Tuesday, March 20, 2007

Midterm Paper Revision

Hi everyone. Just a reminder that the final revision of the midterm paper is due tomorrow in class. Be sure to attach the graded first version of the paper that we handed back to you--especially the typed comments you received. If possible try to staple this all together. You can detach the 10-on-1's and paraphrases at this point. I've pasted below a reminder of the format:
"Unless otherwise specified, all non-digital assignments must be handed in typed, printed, and stapled, and must include your name, the date, the course title, and an assignment title on the cover page. Papers must be formatted in black Times 12 font, double spaced, one-sided, with 1” top and bottom margins and 1.25” left and right margins. Please use a header or footer with page numbers and your last name since sometimes pages become detached. "

Also, here is some last minute advice about introductions and conclusions. They are always the last things to be sorted out!

Good luck, and don't be afraid to really rewrite instead of just 'editing' or 'revising'--we will be more forgiving of a major, yet imperfect, effort than of minor manicuring. In other words, if you just left things the same for this time around you would not get the same grade: we expect your writing and thinking to be more polished, or, if this is not the case, that it is because you reconsidered your argument and wrote an almost new paper.


FEEDBACK on Midterm Paper:
Introductions and Conclusions

Your introduction should introduce a problem or question. It should not try to contextualize the paper’s theme within broad categories like all of history or ‘mankind,’ but should instead articulate a modest and realistic scope for its exploration. The introduction does not need to present or summarize the essay’s entire argument, and it should not present a list of what will be discussed in the paper. It should present something as an interesting question, or a problem worth thinking about, and set the stage to begin this thinking. The conclusion should return to the problem or question raised in the introduction in such a way that it is clear the essay has ‘ended up’ somewhere different from where it began; it should not repeat the introduction, but reconsider the question or problem in a more nuanced way than was possible before the detailed readings that the paper offered. But, the conclusion should not claim to ‘wrap up’ everything or solve everything or offer the total and final truth about anything. It should not add new, large claims or expand to broad concerns such as the nature of art, society, the human mind, etc. It could, however, add a slightly changed emphasis to some argument or claim you have made, raising a small question or admitting that something could be seen otherwise or perhaps developed further. It may help to imagine that your paper is one chapter in the middle of a book you are writing: even though this one ‘chapter’ could stand on its own as ‘complete,’ and could appear in an anthology all alone and make sense, this ‘chapter’ feels like it begins by picking up an existing set of concerns (rather than starting from scratch) and feels like it ends by opening up avenues for thinking that would only be addressed in the next chapter.

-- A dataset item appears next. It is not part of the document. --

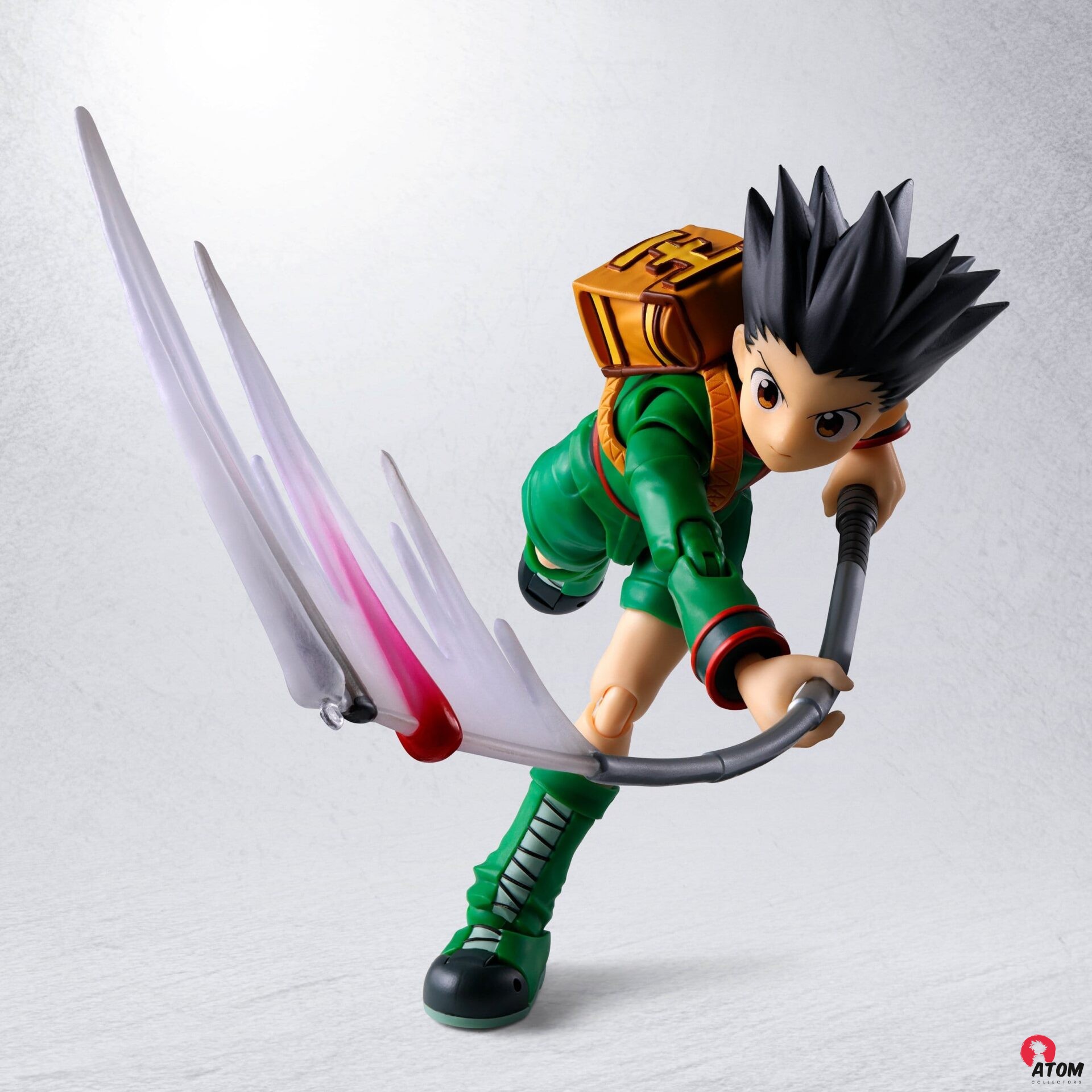 Figurine S.H. Figuarts Hunter x Hunter - Accessoires Gon & Killua the Hunter Exam Option Parts Set. Bandai Tamashii Nations – Image 2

Good introductions from your papers (modified):

From 1925 to 1931, Alfred Stieglitz photographed clouds. He accumulated a collection of these photographs, giving each image the title “Equivalent” despite the fact that each represented a different scene captured at a different time. What equates these photographs may be their collective attempt to freeze the movement of a cloud, always in flux, into the instantaneous form of an image. With this photographic representation of movement, Stieglitz continues the exploration begun by early motion photographers Edweard Muybridge, Étienne-Jules Marey, and Anton Bragalia.


Alfred Stieglitz’s Equivalent (1930) captures both the temporality and timelessness of clouds. As a single photograph, it conveys motion and stillness, intention and contingency. It both reproduces reality and creates something new. As one in a series of cloud photographs all titled Equivalent, it is just part of a larger project that initiates a new kind of photography, departing from a tradition that includes the chronophotography Edweard Muybridge and Étienne-Jules Marey, and the photodynamism of Anton Bragaglia. As a composition in both time and space, Stieglitz’s project bridges the gap between poetry and painting that Lessing explored in Laocoon. And, with a subject matter peculiarly between form and movement, this photography of clouds seems to embody and challenge Henri Bergson’s opposition between the creative flux of duration and the “snapshot” views with which we capture and represent it.


Around the turn of the twentieth century, instantaneous photography seemed to offer new possibilities for representing time and motion. Anticipating the invention of cinema, Edweard Muybridge and Étienne-Jules Marey developed techniques of chronophotography, attempting to inscribe the trace of movement within a rapid series of photographic images. In the 1920’s and 1930’s, however, Alfred Stieglitz explored a different kind of serial photography, producing a body of work with a different representation of time. Photographing clouds over a span of about ten years, he created a uniquely delayed series collected under the general title “Equivalent.” While each photograph captures only one particular instant, the relationship between these photographs and the moments that they instantiate suggest that photography can represent multiple and complex temporalities.